Recent EU tensions are linked to Germany’s staunch support of the Nordstream-2 gas pipeline that will supply Russian gas to Germany (avoiding Ukraine), and in 2017 former Chancellor Schroeder was appointed to the board of Rosneft, Russia’s state-owned oil company.

The country’s entrepreneurs are often the first to explore opportunities in Ukraine, the Caucasus and Central Asia.

During February Berlin hosted a trade forum with Turkmenistan, in which the Central Asian country showcased its natural resources and supposedly friendly investment climate. The Turkmen-German Business Forum was attended by a reported 70 interested German companies and regional operators including high-profile names such as Claas and Siemens.

A keynote speech was delivered by Michael Harms, head of the German Eastern Business Association (OAOEV). OAOEV host a variety of bilateral investment events pertaining to the post-Soviet space, including the upcoming 'Legal Conference Russia' and 'Economic Forum Latvia'. Harms and his chairman, chemical industrialist Wolfgang Büchele, were even invited to Putin’s presentation to German businesses in 2018.

Nevertheless, the establishment of a Turkmen focused investment forum in Berlin is somewhat surprising.

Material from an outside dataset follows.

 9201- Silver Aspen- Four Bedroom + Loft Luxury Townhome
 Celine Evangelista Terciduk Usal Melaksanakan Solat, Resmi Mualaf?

In contrast to Russia’s deeply sophisticated economy, Turkmenistan has been one of the poorest and most corrupt regimes on earth since its independence in 1992. Every summer the country forces thousands of adults to harvest cotton in one of the world’s largest demonstrations of state orchestrated slave labour. Torture is widespread, exit visas are difficult to come by and citizens have no rights to property. Turkmenistan’s isolationism means poverty data is not available however it is thought to soar above other Central Asian states. And while Saudi Arabia finally lifted a ban on female drivers in 2018, sources say Turkmen police have started withdrawing driving licences from women en-masse.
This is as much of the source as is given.